Forget Noah’s Ark! Scientists want to send sperm and egg samples from 6.7 million Earth species to the MOON as a ‘modern global insurance policy’
By M. Arbeiter
Sperm and egg samples from 6.7 million of Earth’s species should be sent to an ark built on the moon as a ‘modern global insurance policy’, scientists have proposed.
The lunar gene bank — which could also house seed and spore samples — is envisaged as being built under the lunar surface, in a hollow, cooled lava tube.
Specimens deposited in the ark would be kept refrigerated at cryogenic temperatures, with the facility powered by solar panels on the lunar surface.
This past Saturday, the Institute of Electrical and Electronics Engineers hosted its annual Aerospace Conference. (For COVID-19 safety, this year’s conference was all-digital.)

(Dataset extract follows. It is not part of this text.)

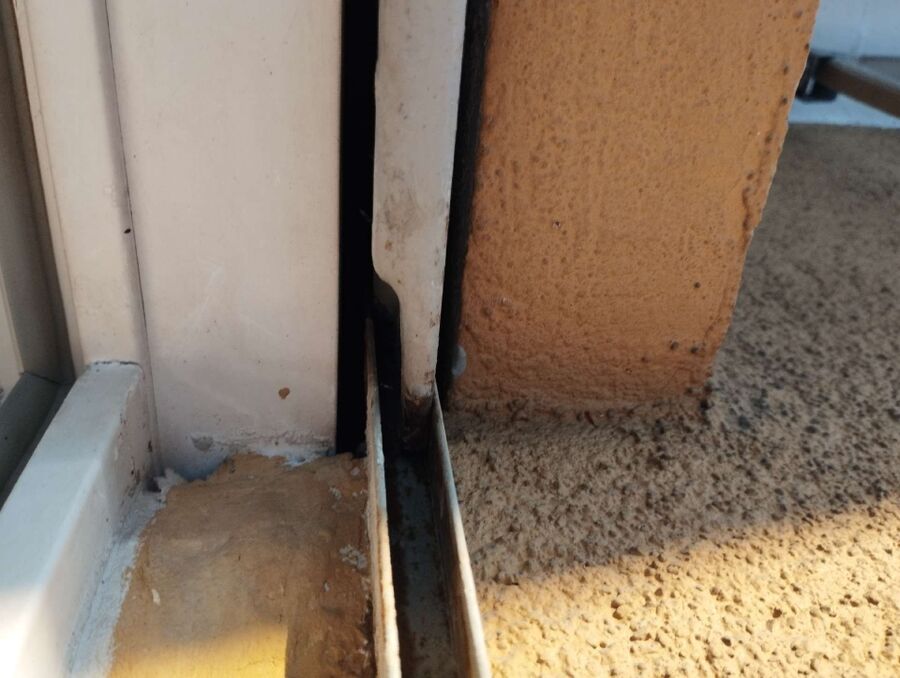 Relocate bees & remove bee nest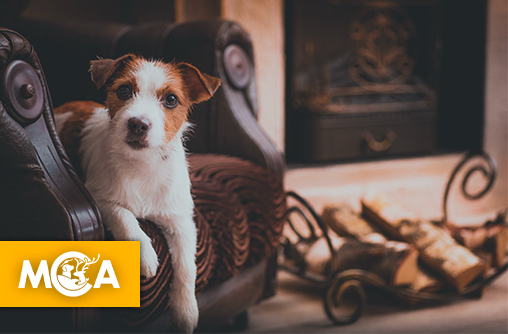 Pirate, le petit héros à quatre pattes qui sauve tout un immeuble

Aerospace and mechanical engineer Jekan Thanga hosted a session titled “Lunar Pits and Lava Tubes for a Modern Ark.” (You can listen to the recorded discussion here)
Thanga presented the facets of a study he co-authored with five other scientists; the most colorful detail in the talk involved shooting millions of specimens of reproductive material into space.
The idea of creating gene banks to restore lost biodiversity in the future is not new — more than a million seed samples are currently stored in the Svalbard Global Seed Vault on the island of Spitsbergen in the Artic Sea, for example.
According to his ‘back-of-an-envelope’ calculations, transporting some 50 samples for each of the 6.7 million target species would require 250 rocket launches.
For comparison, it took a total of 40 rocket launches to assemble the International Space Station in low-Earth orbit.
‘It’s not crazy big. We were a little bit surprised about that,’ Professor Thanga said.
So what is the likelihood of Thanga’s plan coming to fruition? Yet unknown, though he stressed in the lecture that the project wouldn’t cost much. Although I don’t think that was the first question on anybody’s mind.